In the last few years, real estate agents say, the area has become a top choice among the region's wealthy who are looking for land and luxury surrounded by oodles of privacy. And many are willing to pay almost any price for it.

"We've got $800,000 houses going up for sale in that area now that are being snatched up in less than a week," says

Diane Marsiglia, an agent with Gilbert D. Marsiglia & Co. Inc., a Lutherville realty group that opened up a satellite office in Hunt Valley three years ago because of the growing demand for luxury homes.

"You can't be making $50,000 a year and expect to live out here," says Marsiglia after showing a four-bedroom, custom-built house with adjoining in-law quarters in Phoenix.

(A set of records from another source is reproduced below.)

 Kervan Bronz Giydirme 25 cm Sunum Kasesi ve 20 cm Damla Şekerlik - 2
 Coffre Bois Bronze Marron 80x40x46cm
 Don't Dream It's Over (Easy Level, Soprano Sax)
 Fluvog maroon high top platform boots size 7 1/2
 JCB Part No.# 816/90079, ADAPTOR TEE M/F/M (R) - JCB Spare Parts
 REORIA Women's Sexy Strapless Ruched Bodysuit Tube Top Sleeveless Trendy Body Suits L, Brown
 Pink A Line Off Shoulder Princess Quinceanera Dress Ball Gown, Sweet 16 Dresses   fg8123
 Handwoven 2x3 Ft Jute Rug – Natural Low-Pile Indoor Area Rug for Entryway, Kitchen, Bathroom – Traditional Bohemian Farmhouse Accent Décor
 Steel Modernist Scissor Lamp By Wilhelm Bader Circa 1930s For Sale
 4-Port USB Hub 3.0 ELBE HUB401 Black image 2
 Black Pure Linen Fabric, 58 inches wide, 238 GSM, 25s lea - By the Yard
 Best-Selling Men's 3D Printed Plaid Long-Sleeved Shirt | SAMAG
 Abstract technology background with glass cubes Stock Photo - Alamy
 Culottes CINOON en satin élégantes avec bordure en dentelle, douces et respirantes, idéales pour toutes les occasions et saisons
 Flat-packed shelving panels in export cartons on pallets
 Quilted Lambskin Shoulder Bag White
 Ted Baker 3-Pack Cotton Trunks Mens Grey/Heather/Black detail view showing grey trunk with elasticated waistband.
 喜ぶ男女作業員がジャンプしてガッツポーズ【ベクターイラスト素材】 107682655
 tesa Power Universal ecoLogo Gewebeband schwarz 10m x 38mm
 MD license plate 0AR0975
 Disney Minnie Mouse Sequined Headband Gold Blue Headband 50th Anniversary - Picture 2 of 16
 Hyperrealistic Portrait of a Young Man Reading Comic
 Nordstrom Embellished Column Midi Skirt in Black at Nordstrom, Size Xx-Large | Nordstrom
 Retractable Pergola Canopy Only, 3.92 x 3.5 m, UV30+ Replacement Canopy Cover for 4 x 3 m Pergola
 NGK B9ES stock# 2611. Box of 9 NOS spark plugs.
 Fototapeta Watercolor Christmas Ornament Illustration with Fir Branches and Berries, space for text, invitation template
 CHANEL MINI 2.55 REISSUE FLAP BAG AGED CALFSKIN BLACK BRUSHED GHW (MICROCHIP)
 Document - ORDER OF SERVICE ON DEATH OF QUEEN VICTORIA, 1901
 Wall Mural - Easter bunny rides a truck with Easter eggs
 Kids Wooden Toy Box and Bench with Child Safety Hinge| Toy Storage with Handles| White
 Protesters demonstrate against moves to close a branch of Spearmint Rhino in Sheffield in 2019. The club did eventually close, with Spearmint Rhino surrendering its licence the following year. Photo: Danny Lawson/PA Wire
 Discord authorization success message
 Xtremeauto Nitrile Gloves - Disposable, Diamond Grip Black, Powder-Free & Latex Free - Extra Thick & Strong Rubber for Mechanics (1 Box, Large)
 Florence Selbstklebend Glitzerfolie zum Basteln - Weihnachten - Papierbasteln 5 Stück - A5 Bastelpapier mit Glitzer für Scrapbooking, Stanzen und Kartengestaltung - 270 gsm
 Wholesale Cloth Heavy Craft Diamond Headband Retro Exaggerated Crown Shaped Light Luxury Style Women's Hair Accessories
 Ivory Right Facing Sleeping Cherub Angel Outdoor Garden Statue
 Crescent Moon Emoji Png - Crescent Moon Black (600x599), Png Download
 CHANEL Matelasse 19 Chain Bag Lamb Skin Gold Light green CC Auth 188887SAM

It is no surprise then that the area has attracted business executives like Harry G. Pappas Jr., the co-owner of Krispy Kreme franchises, and Peter G. Angelos, owner of the Orioles, who recently bought Ross Valley Farms near Hereford. They join such well-known personalities in the area as ABC sports announcer Jim McKay and former Oriole Mike Flanagan.

And more wealth is on the way.

A community under construction surrounding the new Hayfields Golf Club boasts "exclusive home sites" that go for at least $250,000, with homes constructed on those lots starting at another $500,000, agents said.

The Preserve in Hunt Valley is building 41 estates, named after historical figures such as Martha Washington and ranging in price from $475,000 to $900,000.

This fall, developer Gaylord Brooks will begin building 29 homes, costing $450,000 and up, in Phoenix.

"The typical client wants a house with a library, a gourmet kitchen and oh, if you can, `I'd like one with a three-car garage, too,' " says Virginia Walten, a real estate agent with Coldwell Banker Grempler Realty Inc. "The typical attitude is `We want to be one room bigger than the neighbor.' You don't have to sell this area, it sells itself nowadays."

Then there are the eye-poppers.

In March, a five-bedroom colonial in Sparks sold for $1.4 million and a seven-bedroom farmhouse nearby sold for almost $1.7 million. Both were on the market less than a year.

But sales are also brisk for the area's "lower-end homes" in the $200,000 to $300,000 price range.

Embracing all this new luxury with open arms are business owners from Hunt Valley to Hereford.

Several businesses have upgraded their merchandise to keep pace with the tastes of people who have money to spend. Take Price's antique and convenience store on York Road in Sparks.

"It used to be you could buy milk and eggs here," says Nicholas Price, whose grandfather opened the store in 1906. "Now you can buy milk, eggs and a good bottle of Scotch for 40 bucks."

Residents shop at the "Gucci" Giant at Shawan and York roads, or for that country market feel, Graul's Supermarket in Hereford offers a barn motif.

Those looking to travel in style can shop at the Hunt Valley Saab, which opened two weeks ago and joined a plethora of other upscale dealerships within a two-mile stretch of York Road that includes Jaguar, Mercedes and BMW.